SPF checks and white listing require dns lookups that can potentially take much longer. Several orders of magnitude longer.
Occasionally, yes, no matter how you do DNS. However, Postfix smtpd will do multiple DNS lookups that have a strong chance of being slow before getting to any policy daemon like Postgrey. Alternatively, postscreen is a much simpler process than smtpd and in its usual config does nearly no input processing while doing DNSBL lookups in parallel, time-limited to 10s. This is usually much more efficient for dealing with spambots than going through everything that smtpd does before calling any policy daemon. Most DNSBLs worth using have robust authoritative DNS, so (unlike SPF or IP->Hostname->IP checking, both of which can require many queries) it is rarely slow to get DNSBL results.
Efficient handling of spam is all about doing the least expensive tests first in terms of cpu/time. Caching DNS can probably help a bit, but it will still require the occasional lookup now and then that take a lot longer than a good greylisting implementation should ever do.
Actually, having a local (same machine or same LAN) caching DNS resolver is extremely helpful relative to using a resolver on the other side of a router (i.e. an ISP's resolver) or worse, somewhere on the other side of 2-20 routers (i.e. OpenDNS, Google Public DNS, etc.) A lookup from a local cache typically takes <10ms, while a lookup from a public DNS server routinely will have 30-100ms of network latency built in and even one's connectivity provider's DNS will probably have at least 10ms. In any case, a DNS lookup that isn't in a resolver's cache is likely to take on the order of 100ms (but potentially multiple seconds to timeout on lookups that lead nowhere, indirectly) on top of the network latency. This leads to another reason to have a local resolver dedicated to mail servers: you can tune reply timeouts to assure that you never suffer those really long waits.
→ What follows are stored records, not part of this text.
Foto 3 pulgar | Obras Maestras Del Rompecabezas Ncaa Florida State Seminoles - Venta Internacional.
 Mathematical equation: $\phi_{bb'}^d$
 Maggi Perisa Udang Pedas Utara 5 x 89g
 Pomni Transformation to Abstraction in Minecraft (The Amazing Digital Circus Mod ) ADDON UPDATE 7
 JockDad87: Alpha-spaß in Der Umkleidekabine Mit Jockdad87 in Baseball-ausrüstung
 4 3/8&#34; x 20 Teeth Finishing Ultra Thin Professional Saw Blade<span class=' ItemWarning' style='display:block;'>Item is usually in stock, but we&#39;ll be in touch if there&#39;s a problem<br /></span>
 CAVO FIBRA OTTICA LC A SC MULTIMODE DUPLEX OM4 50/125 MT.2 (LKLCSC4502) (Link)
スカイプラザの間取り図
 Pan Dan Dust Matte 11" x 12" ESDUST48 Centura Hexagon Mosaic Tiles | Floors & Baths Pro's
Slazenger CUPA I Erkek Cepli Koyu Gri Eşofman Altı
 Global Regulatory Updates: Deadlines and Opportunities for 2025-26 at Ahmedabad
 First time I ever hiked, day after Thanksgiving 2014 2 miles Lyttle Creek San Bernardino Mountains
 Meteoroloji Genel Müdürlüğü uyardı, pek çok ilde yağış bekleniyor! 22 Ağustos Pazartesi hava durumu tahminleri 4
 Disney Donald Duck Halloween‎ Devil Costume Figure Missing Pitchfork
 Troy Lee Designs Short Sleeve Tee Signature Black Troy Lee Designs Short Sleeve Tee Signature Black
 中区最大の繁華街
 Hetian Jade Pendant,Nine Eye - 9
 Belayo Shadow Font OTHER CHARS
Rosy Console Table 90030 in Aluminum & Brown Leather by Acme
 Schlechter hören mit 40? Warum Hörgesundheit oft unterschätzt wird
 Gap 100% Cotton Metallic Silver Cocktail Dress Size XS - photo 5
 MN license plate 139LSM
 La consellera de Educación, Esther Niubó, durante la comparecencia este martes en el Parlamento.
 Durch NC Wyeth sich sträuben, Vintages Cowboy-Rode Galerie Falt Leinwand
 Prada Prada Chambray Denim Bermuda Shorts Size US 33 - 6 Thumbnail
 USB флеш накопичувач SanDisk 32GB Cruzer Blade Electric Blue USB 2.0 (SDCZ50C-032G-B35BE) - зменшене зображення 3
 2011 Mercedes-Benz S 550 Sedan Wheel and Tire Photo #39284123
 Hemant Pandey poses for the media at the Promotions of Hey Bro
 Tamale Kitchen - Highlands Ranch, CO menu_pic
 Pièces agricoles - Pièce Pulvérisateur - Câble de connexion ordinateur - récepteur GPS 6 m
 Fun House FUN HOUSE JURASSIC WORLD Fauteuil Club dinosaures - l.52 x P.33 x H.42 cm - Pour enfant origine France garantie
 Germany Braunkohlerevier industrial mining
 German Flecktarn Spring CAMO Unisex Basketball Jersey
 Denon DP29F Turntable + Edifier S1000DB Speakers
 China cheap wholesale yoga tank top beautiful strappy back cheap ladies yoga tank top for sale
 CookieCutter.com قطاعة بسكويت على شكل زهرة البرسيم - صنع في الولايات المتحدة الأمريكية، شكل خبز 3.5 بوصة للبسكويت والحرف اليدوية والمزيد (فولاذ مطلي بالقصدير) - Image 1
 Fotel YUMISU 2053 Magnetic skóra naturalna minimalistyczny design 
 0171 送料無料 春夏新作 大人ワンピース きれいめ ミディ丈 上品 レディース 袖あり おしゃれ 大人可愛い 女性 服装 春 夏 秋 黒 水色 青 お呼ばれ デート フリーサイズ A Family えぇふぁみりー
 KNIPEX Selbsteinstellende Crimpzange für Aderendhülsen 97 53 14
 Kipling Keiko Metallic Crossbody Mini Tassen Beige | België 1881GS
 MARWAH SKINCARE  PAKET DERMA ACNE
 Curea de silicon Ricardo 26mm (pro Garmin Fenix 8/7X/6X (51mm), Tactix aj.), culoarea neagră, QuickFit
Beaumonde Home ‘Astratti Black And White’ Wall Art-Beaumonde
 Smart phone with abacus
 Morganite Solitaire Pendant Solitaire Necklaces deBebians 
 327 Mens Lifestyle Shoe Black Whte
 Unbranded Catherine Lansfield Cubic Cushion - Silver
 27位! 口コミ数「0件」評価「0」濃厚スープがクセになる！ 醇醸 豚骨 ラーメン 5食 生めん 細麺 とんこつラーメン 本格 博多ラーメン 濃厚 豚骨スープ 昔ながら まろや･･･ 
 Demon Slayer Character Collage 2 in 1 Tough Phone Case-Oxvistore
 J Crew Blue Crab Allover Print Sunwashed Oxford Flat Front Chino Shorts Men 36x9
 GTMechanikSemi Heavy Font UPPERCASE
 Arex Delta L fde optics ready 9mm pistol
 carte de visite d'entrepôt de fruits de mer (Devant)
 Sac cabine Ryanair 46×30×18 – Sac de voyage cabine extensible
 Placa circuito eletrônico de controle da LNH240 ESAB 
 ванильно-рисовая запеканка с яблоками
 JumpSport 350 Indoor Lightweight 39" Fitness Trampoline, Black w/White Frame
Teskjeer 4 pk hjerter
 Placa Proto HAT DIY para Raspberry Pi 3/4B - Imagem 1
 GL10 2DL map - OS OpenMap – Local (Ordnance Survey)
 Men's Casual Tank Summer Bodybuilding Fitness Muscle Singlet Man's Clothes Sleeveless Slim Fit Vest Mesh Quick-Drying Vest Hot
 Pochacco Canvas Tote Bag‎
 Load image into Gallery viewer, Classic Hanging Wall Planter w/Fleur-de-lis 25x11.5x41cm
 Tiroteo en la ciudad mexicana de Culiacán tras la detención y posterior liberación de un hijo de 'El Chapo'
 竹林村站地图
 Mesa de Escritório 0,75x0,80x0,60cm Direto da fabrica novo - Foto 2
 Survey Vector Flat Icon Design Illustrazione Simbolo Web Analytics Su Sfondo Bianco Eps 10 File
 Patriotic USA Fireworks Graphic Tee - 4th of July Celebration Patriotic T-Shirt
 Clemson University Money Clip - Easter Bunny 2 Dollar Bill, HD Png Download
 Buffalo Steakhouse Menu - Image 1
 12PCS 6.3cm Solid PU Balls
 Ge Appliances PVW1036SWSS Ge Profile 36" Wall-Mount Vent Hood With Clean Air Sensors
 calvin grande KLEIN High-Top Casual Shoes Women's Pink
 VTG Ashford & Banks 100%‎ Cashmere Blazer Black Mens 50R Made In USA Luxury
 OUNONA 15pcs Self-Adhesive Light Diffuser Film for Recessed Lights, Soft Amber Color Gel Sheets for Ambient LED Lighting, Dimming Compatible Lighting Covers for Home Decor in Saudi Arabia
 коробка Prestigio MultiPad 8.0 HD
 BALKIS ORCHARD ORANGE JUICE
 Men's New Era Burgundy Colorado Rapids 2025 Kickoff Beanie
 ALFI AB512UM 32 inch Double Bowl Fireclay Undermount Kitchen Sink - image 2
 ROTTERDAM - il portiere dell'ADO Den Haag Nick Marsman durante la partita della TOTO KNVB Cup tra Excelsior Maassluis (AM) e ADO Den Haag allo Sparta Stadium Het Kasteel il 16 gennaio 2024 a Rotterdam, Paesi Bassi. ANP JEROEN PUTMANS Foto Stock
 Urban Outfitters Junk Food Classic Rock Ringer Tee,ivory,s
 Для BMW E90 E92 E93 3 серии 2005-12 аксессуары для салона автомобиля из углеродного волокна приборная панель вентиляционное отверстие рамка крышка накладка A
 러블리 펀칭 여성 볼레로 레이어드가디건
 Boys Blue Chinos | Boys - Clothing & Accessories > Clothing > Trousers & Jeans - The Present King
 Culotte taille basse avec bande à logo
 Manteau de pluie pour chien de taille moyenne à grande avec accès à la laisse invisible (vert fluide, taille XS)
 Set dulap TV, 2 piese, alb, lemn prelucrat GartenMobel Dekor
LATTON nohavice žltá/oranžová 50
Doing an expensive test on every mail when it's not needed is badly designed setup.
Which is not really a strong argument for Postgrey or any other greylisting tool that works as as a Postfix policy daemon. The only way to spare a Postfix server from the potentially very slow client hostname DNS queries is to have postscreen in front of smtpd, at least to do pre-greet enforcement.
Many of the dns based lists also limit the amount of checks per day. Worst case scenario, you stop getting results from lists due to over use.
Yes, but those query limits are designed to make sure that commercial entities that get value from those DNSBLs and are large enough to afford participation in keeping them in operation pay for that value they receive.
If you use google's 8.8.8.8 servers for dns lookups one can quickly run into that problem, I did. A high volume of dns checks could force you into having to pay for the amount of traffic you cause.
Using Google's public DNS or anything like it assures that a mail system is low-performing and unreliable. There's nothing wrong with running an amateur mail system but one should understand that using free distant DNS run by unaccountable entities relegates a mail system to "hobbyist" class.
Many expensive network (takes a long time) checks will probably make you run out of slots a lot faster than the reconnects due to greylisting will do due to the time spent waiting for the lookups to finish.
I can only imagine that being a problem, and only on a very busy and badly misconfigured mail server. I've run systems using multiple machines each handling over a million SMTP connections per day and never had a substantial problem with doing multiple DNSBL lookups on every connection that passes a short greeting delay and SPF checks on everything that gets to the point of body filtering (i.e. SPF within SpamAssassin.)
If speed of delivery is important, you could lower the amount of time mail stays greylisted. Ideally you'd like the mail delivered the first time a server tries to send it again. If a server tries to resend once, it will most likely try more than once anyway. Having a minimum time of 300 seconds, the default of postgrey, is probably a bit excessive.
Reducing that is unlikely to reduce delays, because a lot of systems use 300s as a minimum delay between retries; for a long time the standard queue run time for Sendmail was 300s and that has been the default for Postfix since v2.4. The main exceptions using shorter retry times would be high-volume mailing lists systems (legit or otherwise) that cannot afford to let their deferral queues grow large.